Start of Source material

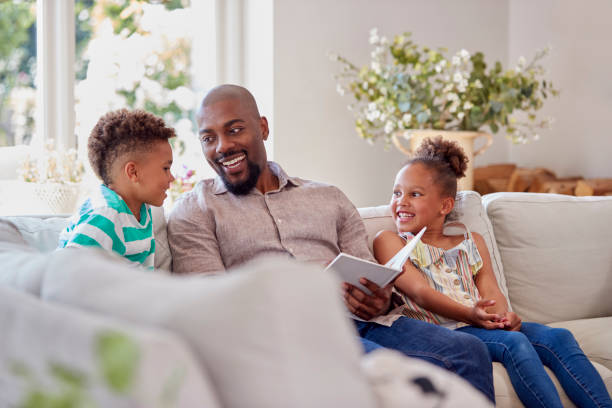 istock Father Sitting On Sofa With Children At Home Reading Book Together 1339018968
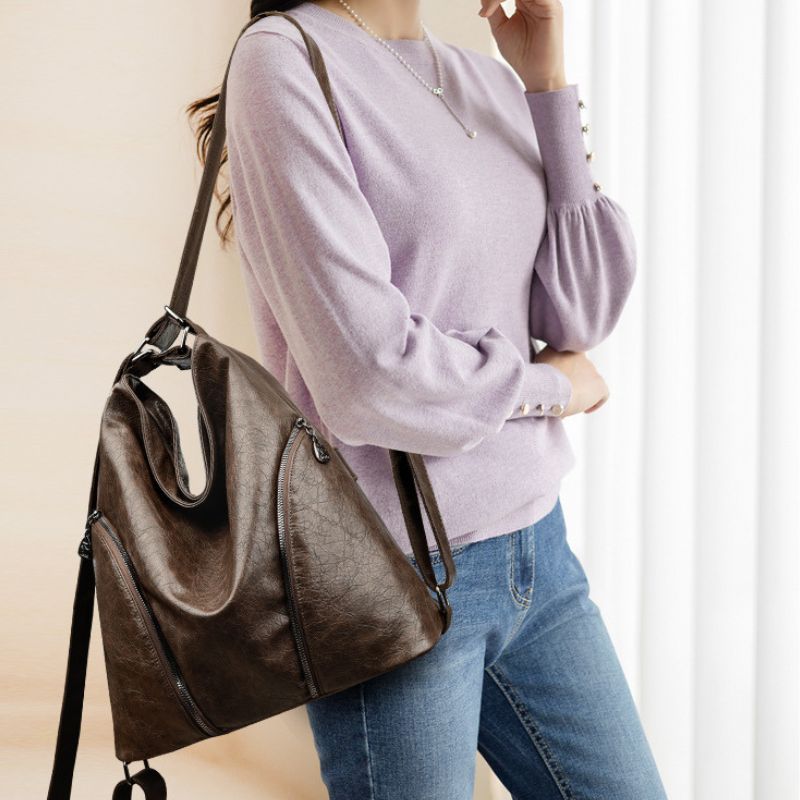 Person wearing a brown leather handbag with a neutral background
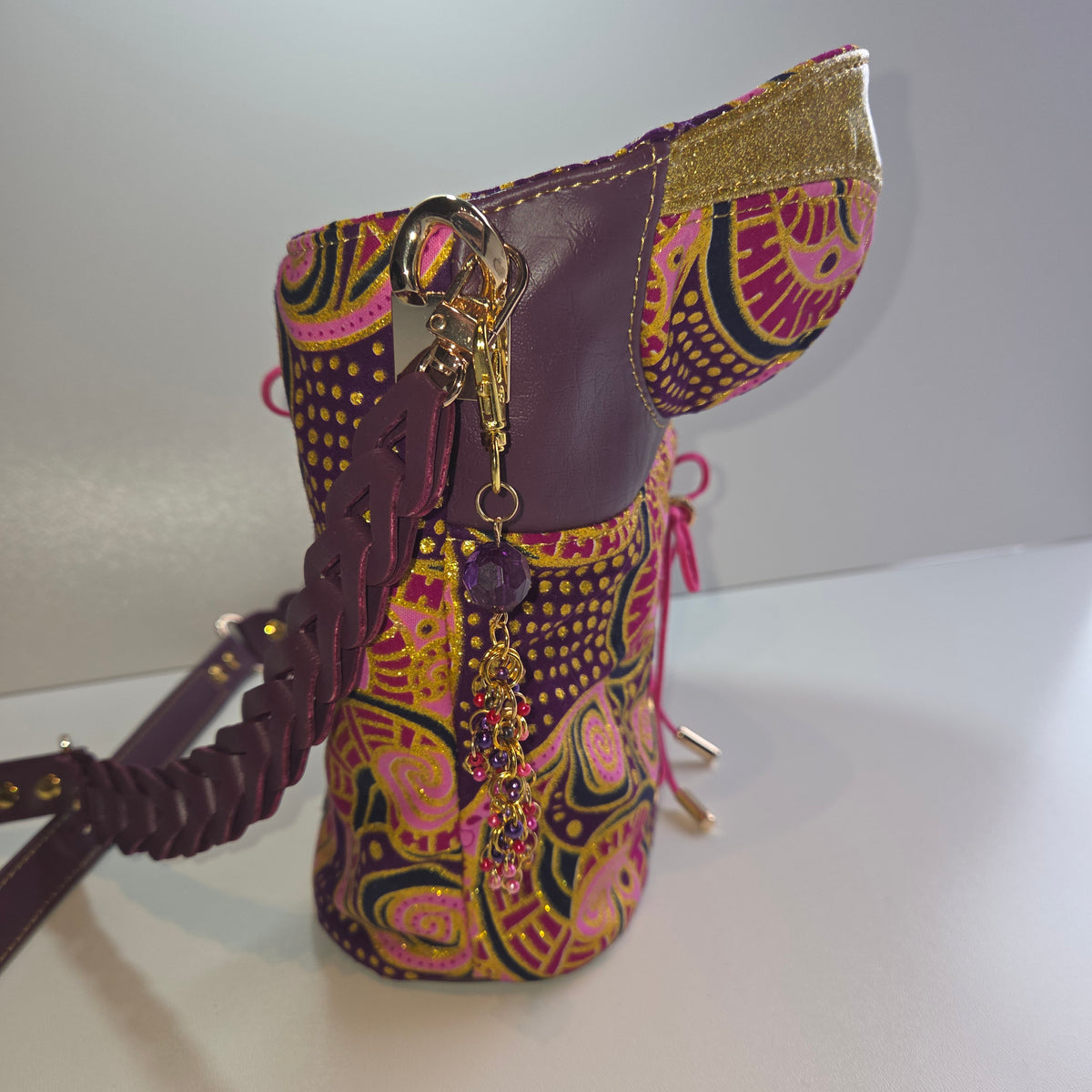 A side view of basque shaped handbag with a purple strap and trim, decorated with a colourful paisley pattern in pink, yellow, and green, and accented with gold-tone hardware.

End of Source material

▶ [Work instructions]:
Output each line exactly as shown above; no pictures go in the copy.

▶ [Exercise response]:
 istock Father Sitting On Sofa With Children At Home Reading Book Together 1339018968
 Person wearing a brown leather handbag with a neutral background
 A side view of basque shaped handbag with a purple strap and trim, decorated with a colourful paisley pattern in pink, yellow, and green, and accented with gold-tone hardware.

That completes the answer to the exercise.